Nicole Caragiannides:

...did, why did you want to join during that time?

Robert Malak:

11 think it was because all my high school buddies were joining the military. And I didn't have any set goals in life I didn't know what I wanted to do. That was the one thing about high school that was lacking, in high school you have counselors that prepare you for your life or a job or something, I think that I had the worse counselors in the world, they didn't prepare me for anything. As soon as I got out of high school I thought what the hell am I going to do with my life. A lot of my friends were joining the military and I thought well, I'll just go to the military and see what happens.

Nicole Caragiannides:

but did you know about the whole conflict in Vietnam at the time?

Robert Malak:

Yeah, 11 it was just, we were in that conflict as deeply in 1965 as we got on in the course of time.

Nicole Caragiannides:

was there a fear at the time with you or your friends, with joining at the time

Robert Malak:

no, when your young, as you are , no have probably no fear of death. Your basically really healthy and You know no tragedies in your life, I think that's the way it was for me. I think I was invulnerable, as my friends did too. Nothing will happen to us were young and were strong. And um I think that, if I was in a combat situation I think that would change rapidly. If the next bullet that whipped past my head would hit it. But I never got to that point. I never served a board a ship.

Nicole Caragiannides:

what did you do in the navy?

Robert Malak:

um I worked in a legal office all right. They gave me some test and I had a relatively high I.Q. I was a good writer. They figured that would be kind of a job for this gentleman. So I got a job typing up things and doing interviews, of service member that came in under fraudulent circumstances. And trying to get information I would ask them question try to find out why did they enter the military fraudulently. And then write up a report and give it to my commanding officer. That's what I did.

Nicole Caragiannides:

did you like it?

Robert Malak:

you know what I was beginning to like it a lot, they wanted me to do a little more traveling, they said Robby, were going to give you a car so you can do a little more traveling. I didn't know how to drive, and I was 19 years old and they said were going to teach you how to drive. Now my vision is getting bad, I didn't know if I would be able to, I had to make sure I got these glasses. That's when I decided to go to the optimologist (sic.), and get my eyes checked. And when they told me that my vision was so poor that, I probably would never be able to drive a car, let alone serve in the military, that's when they discharged me. And when I left I was enjoying myself.

Nicole Caragiannides:

where there a lot of people entering under fraudulent terms?

Robert Malak:

no, back then if you were a homosexual, and they found out about it you were discharged, or if if they caught on that you had a bad character, you had a you could have been a murderer or rapist, things of that nature they didn't want you in there. They investigate these individuals, and that's what I was beginning to do. Just checking out backgrounds, and finding out why there were entering the service for what reason. The military had to cover themselves, cross all the tee's, dot all the I's, in order to discharge somebody.

Nicole Caragiannides:

did you find a lot of bad kids that slipped through the cracks?

Robert Malak:

I could tell you one story, but I don't know if you want it on here, the worse story I came across, was one were this young kid that lived on a farm, it kind of embarrassing for me, at that point in time, right now in your time your very smart when it comes to sexual matters.

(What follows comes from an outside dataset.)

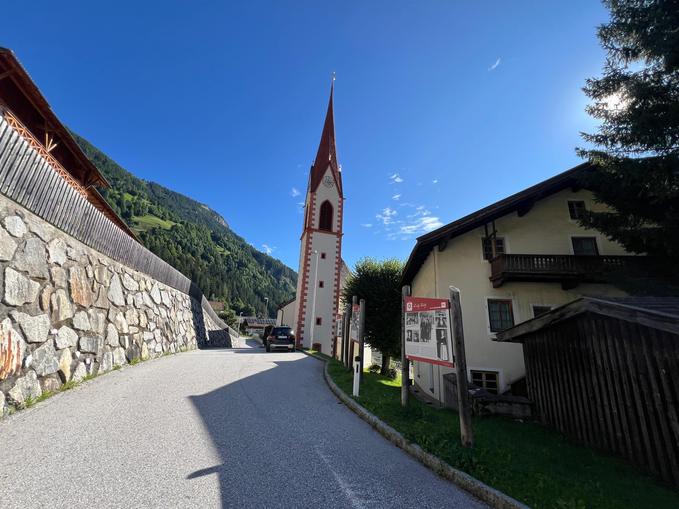 Pfarrkirche Finkenberg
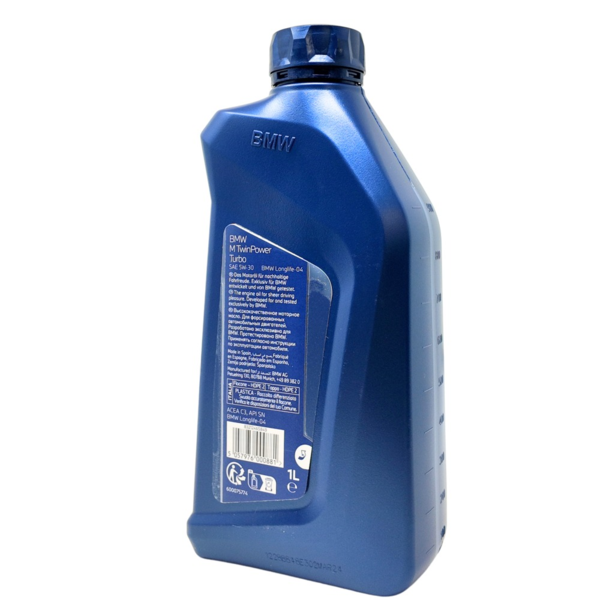 Aceite BMW 5W30 Original TwinPower Turbo LL04 1L ACEA C3| Aceite Motor BMW 5W30 Longlife 04 | (3)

You have sex education in school, back then in my day every thing was a little bit puritanical, if the guy kissed the girl on the first date that was a big deal, well I had to interview this guy, and I didn't know about the admirations of life and this guy told me, he lived on the farm and he would have relations with the farm animals, and I found this astonishing. People do that, this was one of the weird cases, this is probably something you don't want on tape. These were some of the weird circumstances I had to deal with.

It made me more aware of the human condition, the outward appearance of someone, their meekness, as mild as they could be, and you know they hide a darker side.

Nicole Caragiannides:

Where were you first stationed?

Robert Malak:

San Diego, California.

Nicole Caragiannides:

Did you see all your friends go overseas

Robert Malak:

Um, not really, I mostly you know, I was in the service for around a year, and during that time there were a lot of people who left, and went off aboard ships. Nobody that really effected me when they left.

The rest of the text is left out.